• EXERCISE: Please restate each line of the data that follows word for word, skipping any image.

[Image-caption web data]
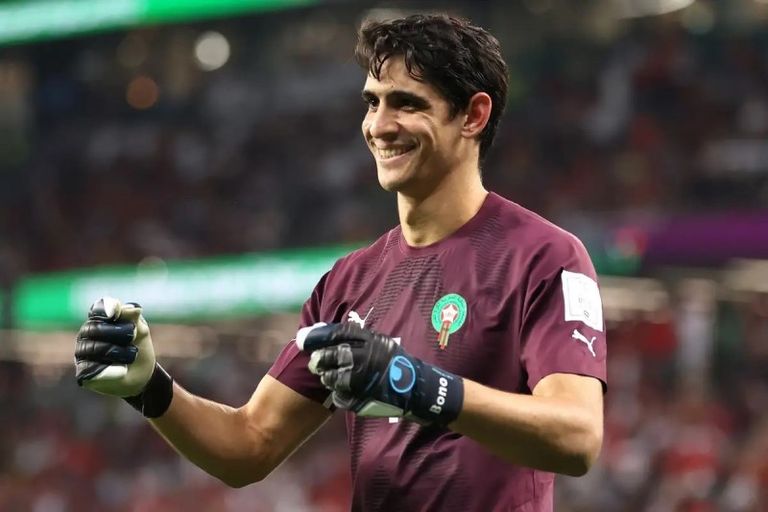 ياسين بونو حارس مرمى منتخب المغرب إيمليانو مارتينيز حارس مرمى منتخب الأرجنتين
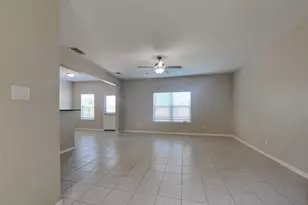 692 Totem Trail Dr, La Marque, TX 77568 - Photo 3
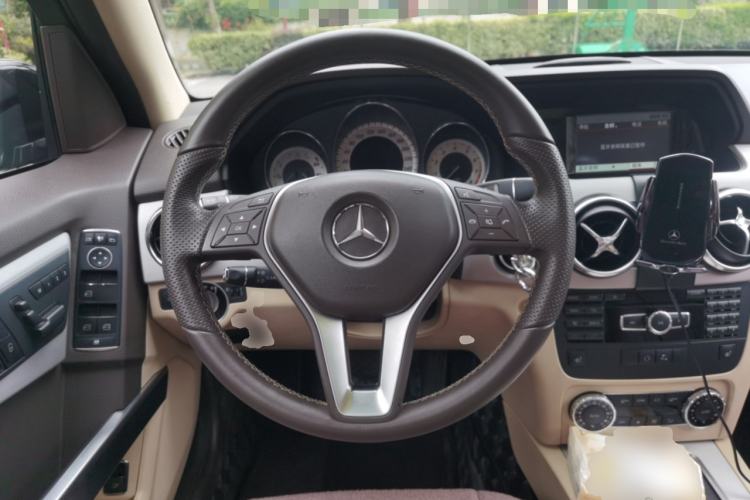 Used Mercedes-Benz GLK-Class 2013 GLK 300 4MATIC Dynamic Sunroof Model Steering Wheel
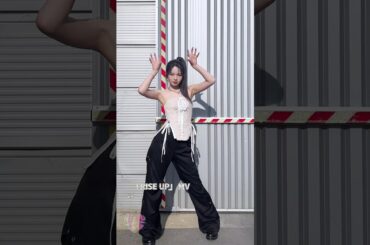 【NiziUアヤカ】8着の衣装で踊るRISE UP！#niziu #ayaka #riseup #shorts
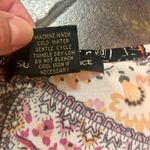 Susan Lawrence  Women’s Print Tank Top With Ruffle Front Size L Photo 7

• ANSWER TO THE EXERCISE:
 ياسين بونو حارس مرمى منتخب المغرب إيمليانو مارتينيز حارس مرمى منتخب الأرجنتين
 692 Totem Trail Dr, La Marque, TX 77568 - Photo 3
 Used Mercedes-Benz GLK-Class 2013 GLK 300 4MATIC Dynamic Sunroof Model Steering Wheel
 【NiziUアヤカ】8着の衣装で踊るRISE UP！#niziu #ayaka #riseup #shorts
 Susan Lawrence  Women’s Print Tank Top With Ruffle Front Size L Photo 7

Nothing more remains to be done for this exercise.